Clayton's statistical
analysis of cutting horses videotaped working a flag, including experienced performers of
both average and superior proficiency, showed that each horse's ability could be correctly
classified by looking at two variables: run distance (defined as the maximum distance
between the center of the flag and the horse's nose during the trial, i.e., how far the
horse lagged behind the flag during the course of his run) and which body part moved first
as the horse initiated a turn formers had an average run distance of 218 centimeters (87.2
inches), while the superior horses averaged only 147 centimeters (58.8 inches), indicating
that they kept up with the flag better. Mediocre performers moved their forelegs first
when turning in a vast majority of the cases, while top-notch horses used their heads and
shoulders more frequently. By moving these upper body parts first, a horse can shift his
center of gravity to one side, so that the thrust of his limbs is directed at a sharper
angle, and he gains greater maneuverability.

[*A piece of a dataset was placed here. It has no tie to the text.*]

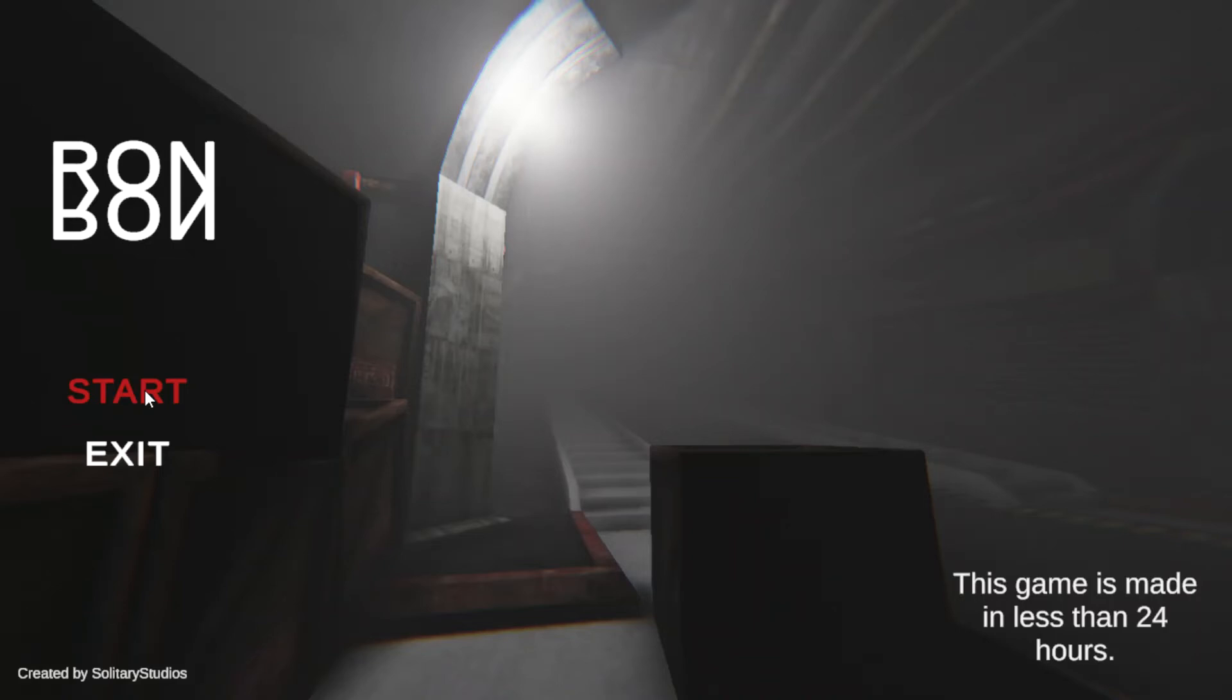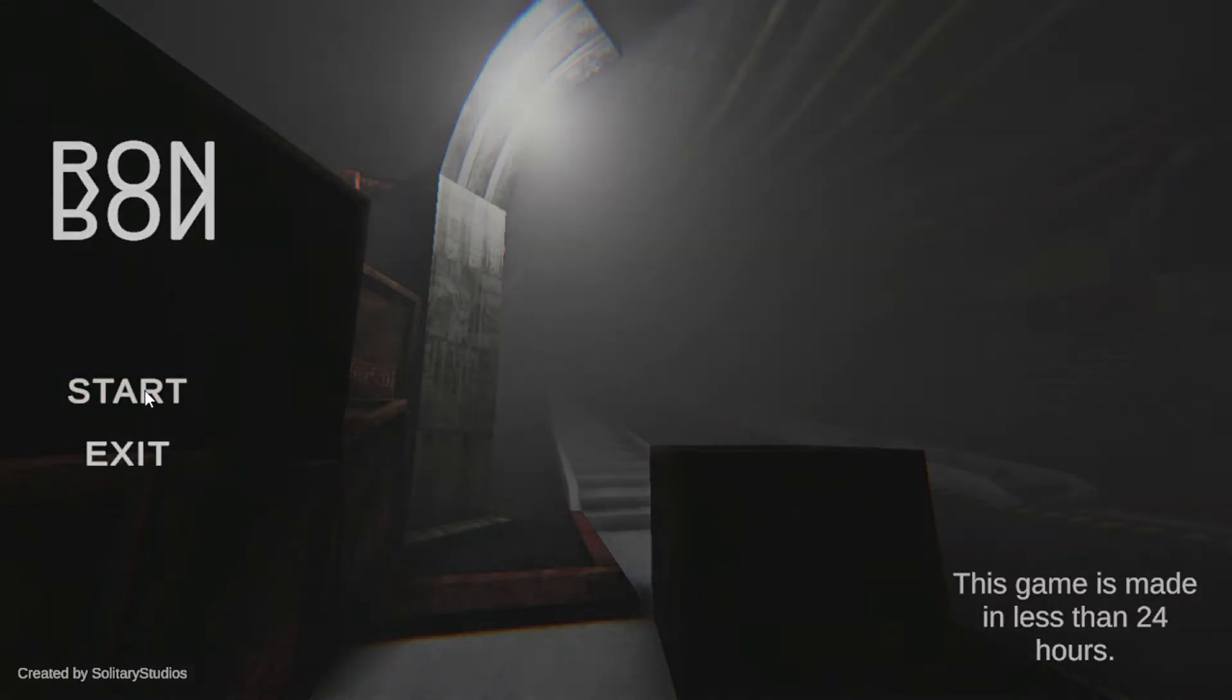It's Ron Ron time. This is creepy. Made in 24 hours? Wow, this is crazy.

Studying Seoul dressage competitors, Deuel discovered that stride characteristics at
the extended trot and canter were quite consistent with overall scores. Highest marks went
to horses who had the longest, fastest strides and displayed the greatest degree of
extension. Goldmedalist Rembrandt clearly gave an outstanding performance: his stride
length at the extended trot measured a full 16 feet, compared to "only" about 12
feet for the other horses. Deuel also noted that winning jumpers at the 1988 Olympics
differed in their recovery strides after negotiating a fence compared to their
competitors. Successful horses had briefer time intervals between hind limb impacts and
briefer time intervals between fore leading limb contact with the ground and the
initiation of the next stride. Fewer penalties were garnered by horses whose hind limbs
were planted closer together during take off and whose forelimbs landed nearer each other.
There are still some questions to answer before gait analysis can be used routinely to
pick the youngsters that will go on to become stakes winners, futurity stars or Olympic
contenders, and weed out early those that are structurally disadvantaged or poorly
coordinated. It is generally accepted that an individual's inherited movement patterns can
be enhanced by practice (your piano teacher didn't say "Practice makes perfect"

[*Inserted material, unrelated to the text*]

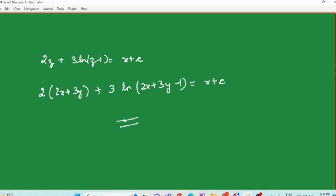That is the end of the discussion on the reducible to separable category. In the next video we are going to learn the third type of first order first degree differential equations, which is homogeneous differential equations. Thank you so much for watching everyone, stay tuned.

a million times for nothing - those drills induced subtle refinements in your
neuromuscular coordination to translate notes on a page to accurate movements of your
fingers).
However, researchers are just now scratching the surface to understand how much equine
gait characteristics change over time due to training and/or maturity, and which
characteristics are reliable predictors of ability in a given sport. To complicate
matters, the final performance is more than just the sum of the horse's innate talent and
any improvements through training. It involves the ability of the rider or trainer, the
nature of the working surface, farriery modifications, the overall health of the horse and
that elusive, unquantifiable quality, "heart."

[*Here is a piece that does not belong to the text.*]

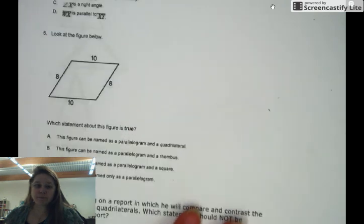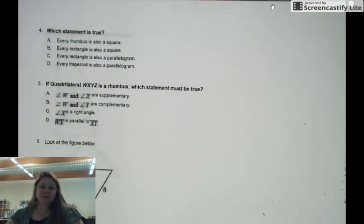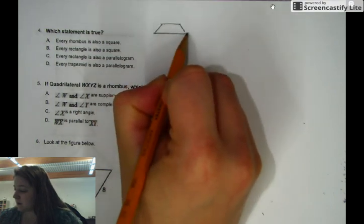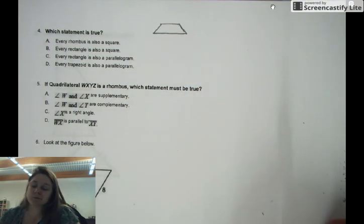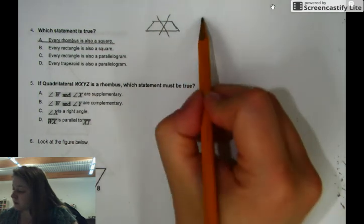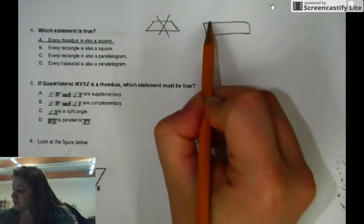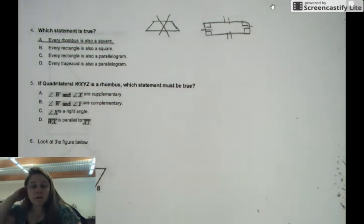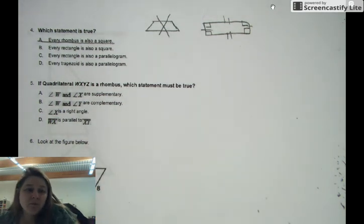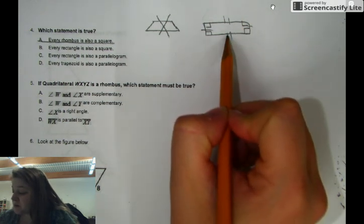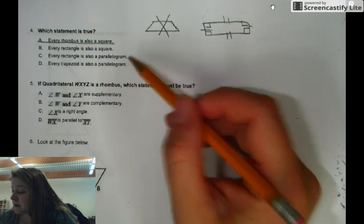Question number four. Which statement is also true? Every rhombus is also a square — here's your rhombus, is that a square? No, it's not. Every rectangle is also a square — here's your rectangle, remember the definition of a rectangle. It could possibly be a square. Every rectangle is a parallelogram — that's also true. And every trapezoid is a parallelogram.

Nevertheless, as both a performance predictor and diagnostic aid, gait analysis holds
great promise. Whether you want to compare limb to limb, before to after, your horse to a
superstar, your horse to a composite "ideal" or your horse to the norm, its
advantages are clear: gait analysis is
- noninvasive (no wires or sensors attached to the subject; skin markers
optional),
- flexible (cameras are portable and can be set up just about anywhere,
from the clinical setting to the competition arena),
- quantifiable (you can change your question from "is this horse
lame?" to "How lame is this horse?") and
- permanent (a film or tape can be replayed again and again, forming a
baseline for comparison or part of an archive; the stored data can be analyzed and
presented in innumerable ways to give a ras clearer picture of what is happening).
In addition, the technology is now more accessible than ever.
Meanwhile, as the winners in Barcelona take home their medals, Clayton and Deuel will
be returning with bundles of tapes just as precious. Olympic fervor will die down, but the
world-class performances of the equine athletes who gave it all in pursuit of the gold
will be relived in the university laboratories as the process of analysis begins.